Slashdot Mirror


Can You Do the Regular Expression Crossword?

mikejuk writes "Programmers often say that regular expressions are fun ... but now they can be a whole lot of fun in a completely new way. Want to try your hand at a regular expression crossword? The idea is simple enough — create a crossword style puzzle with regular expressions are the 'clues.' In case you don't know what a regular expression is — it is a way of specifying what characters are allowed using wild-card characters and more. For example a dot matches any single character, an * any number of characters and so on. The regular expression crossword is more a sort of Sudoku puzzle than crossword however because the clues determine the pattern that the entries in a row have to satisfy. It also has to use a hexagonal grid to provide three regular expressions to control each entry. This particular regular expression crossword(pdf) was part of this year's MIT Mystery Hunt. This annual event is crammed with a collection of very difficult problems and the regular expression crossword, created by Dan Gulotta from an idea by Palmer Mebane, was just a small part of the whole — and yes there is a solution."
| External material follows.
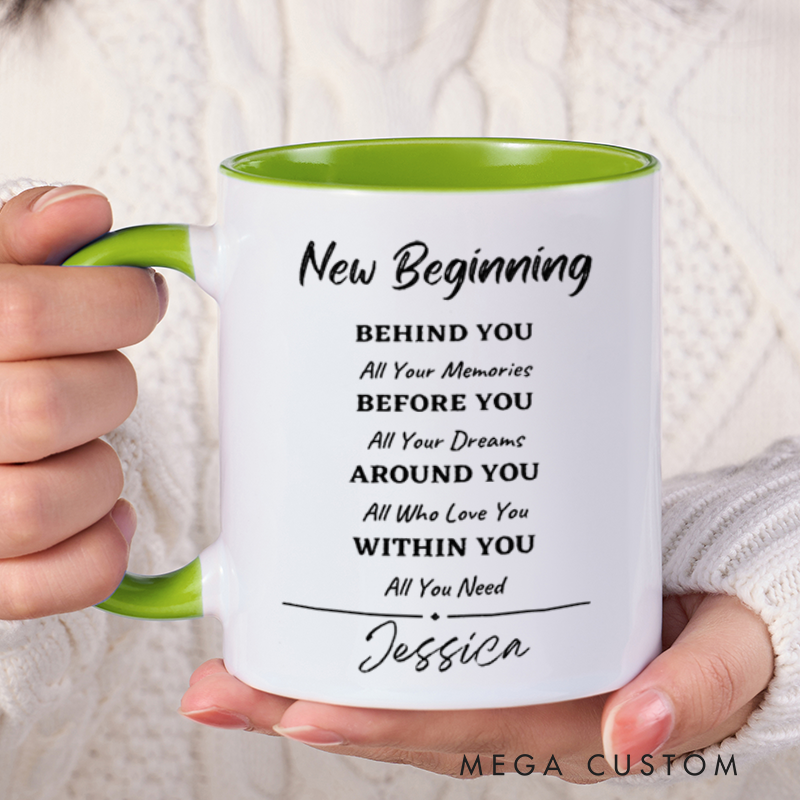 Personalized Farewell Mug with New BeginningDesign Heartfelt Gift for Departing Colleague and Retiring Colleague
82 of 115 comments (clear)

  1. Solution by Anonymous Coward · · Score: 1, Interesting

    I'll post the solution as regular expression

    *

    ^there you have the solution, the infinite plays of Monkey-Shakespeare, and the answer to life and the universe, and everything.

    1. Re:Solution by Stradenko · · Score: 4, Informative

      I think you mean .*

    2. Re:Solution by Coolhand2120 · · Score: 4, Informative

      The article summary was wrong about * and so are you. At least the language in the summary leaves much to be desired, although they are correct about it being a numerator, they leave off the part that it matches the previous character or subexpression. * = the previous character or subexpression zero or more times. As Stradenko pointed out to get ANY character you need . (period). To get any character zero or more times you need .* (period asterix). To get the solution to anything with more than one line you need [\s\S]*.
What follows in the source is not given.